Amidst the controversy over the in-depth searches of electronic devices on the border that are lawfully happening, the New York City Bar Association has chimed in with some advice for attorneys that could be subject to these border searches. The ethics opinion explains what an attorney's ethical obligations are when it comes to a border search of their electronic devices that contain client data, or privileged information.

The opinion provides some rather detailed advice, including a requirement that an attorney promptly notify any and all clients whose data or confidential information may have been disclosed as a result of a border search. The most important thing to remember as you protest the search: remain calm and polite, and take reasonable steps to protect your client's data.
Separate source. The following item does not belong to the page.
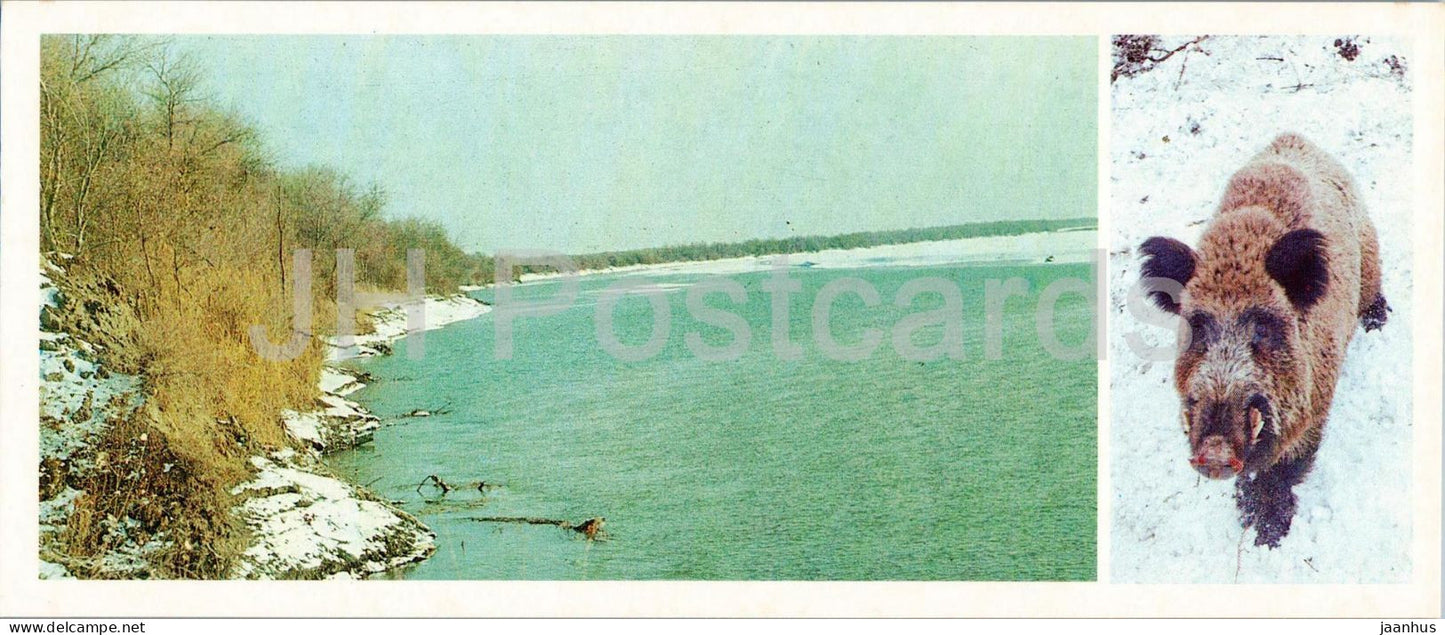 Kyzylkum Nature Reserve - Winter landscape and wild boar - Sus scrofa - animals - 1988 - USSR Uzbekistan - unused - JH Postcards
Below, you'll find some of the steps provided in the NYC bar's ethics opinion.

1. Object

While it may seem obvious, minimally, you are ethically bound to speak up and object to the search, and explain the basis of your objection: you have attorney client privileged information.

2. Carry Your "Bar Card"

It can be helpful to actually carry your "bar card" or other official identification showing that you are actually a lawyer. ProTip: make sure it is a physical card and not something digitally stored in your phone. (It may sound silly, but an official card definitely makes you seem like one of the good guys, right?)

3. Ask for the Boss

If the agent insists on the search, request to speak with a supervisor. It is critical to remain polite, and simply continually explain that you are ethically required to protect your client's confidentiality and are exploring all avenues of legally doing so.

4. Mitigate Damage

Attempt to mitigate damages to clients. You should try to ask that certain files not be reviewed due to your ethical duties, or that any search be limited to a live visual inspection. For instance, permitting a visual inspection will be less intrusive than allowing a copy to be made.

As the ABA advises, the easiest way to avoid having client data searched at the border is by not having any with you. With the way electronic devices connect these days, it is entirely possible to clean a device from any confidential information before getting to the border.